In addition to this aspect of efficiency, the conventional propeller imparts a rotation to the air processed by it by virtue of the drag forces similar to those on a wing: pressure, viscous and induced drag components. We have suggested in the earlier text that the induced drag is responsible for the rotation of a propeller’s jet. Such rotation represents rotational kinetic energy in the ‘jet’ stream behind a propeller. If nothing else is done, this energy is wasted and presents an additional loss that, if sufficient in magnitude, might have to be dealt with. It contributes nothing to the propeller thrust and is eventually dissipated in the turbulence of the jet.
In a number of aircraft with propeller engine configurations, the loading of the propeller was sufficiently high that something had to be done to recover the energy in the rotation of the ‘jet’ stream.
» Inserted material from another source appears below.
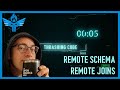 Hasura Remote Schemas Remote Joins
In the waning days of piston engine technology for large commercial or military airplanes, the possibility and desire arose for ever more powerful engines to drive propellers. These promised faster and larger airplanes, but they also pointed the designers to the need for fuel use efficiency to achieve long range. The wasted rotational kinetic energy had to be recovered.
In order to put more power into the ‘jet’ and realizing reasonable fuel usage while keeping propeller diameters reasonable, airplane builders turned to counter-rotating propellers. A second set of blades is tailored to take the rotating output from the first and add power in such a way as to leave little residual kinetic energy in the jet’s rotation motion. The nature of the jet flow behind a propeller is not nice and clean, so that to placing two propeller sets in tandem in this way is challenging to do well, but it is somewhat effective. Examples of such configurations are the British Bristol Brabazon (Fig. 8.5) and the Tupolev Tu-95 strategic bomber built in the Soviet Union during the Cold War shown Fig. 8.6. The Brabazon airliner used two piston enginesFootnote 2 to drive each propeller set while the Tu-95 used a single gas turbine engine. In both cases, four set of two propellers each were used, two on each wing, eight engines in total. Gearing was necessarily required. The concept never went very far for economic reasons and gearing always comes with weight, power consumption, and reliability issues of its own. Further, an airliner conversion of the Tupolev bomber proved the concept to be very noisy for passengers. The turbojet age was dawning and was about to change history. In the US, the counter-rotating propeller concept was never brought to a widespread reality. One place where it was considered was for a number of vertical takeoff military fighter prototypes (Fig. 8.7). For such airplanes to leave residual rotating flow in the lifting jet means that the airplane will undergo a rotation as a reaction. This may present an undesirable control issue.
The idea of counter-rotating blades is not singular in propeller-like applications. The gas turbine will be explored in detail further on, but this is a good place to mention that the idea of counter-rotation arose in connection with gas turbine engine and its compressor. For example, during the earliest days of gas turbine engine developments in Germany (late 1930s), the thought was explored that, for a lighter weight and shorter compressor, it could have a counter-rotating set of blades rather than a rotor-stator combination. It was deemed to be too complex and abandoned. Another stab at this idea was undertaken in the US in the 1970s when government contracts were let to explore the feasibility of a cowl-less turbofan for commercial airliners. This engine type resembled a counter-rotating propeller and was built around the gas turbine engines of the day. Major manufacturers tried the idea. They were called ‘unducted fans’ or ‘propfans’ and were considered for proposed airliners. These would have been constrained to flight Mach numbers around 0.7 because of the fan tip speed limitation. They found no application and the effort was deemed to be a dead-end, at the time.
The reader might wish to examine archival information concerning an attempt to operate a propeller at supersonic speeds. This is possible given sufficient power. Such a propeller was incorporated in a military airplane designated as the XF-84F. It turned out to be a spectacular failure and is said to have been the loudest airplane that ever flew!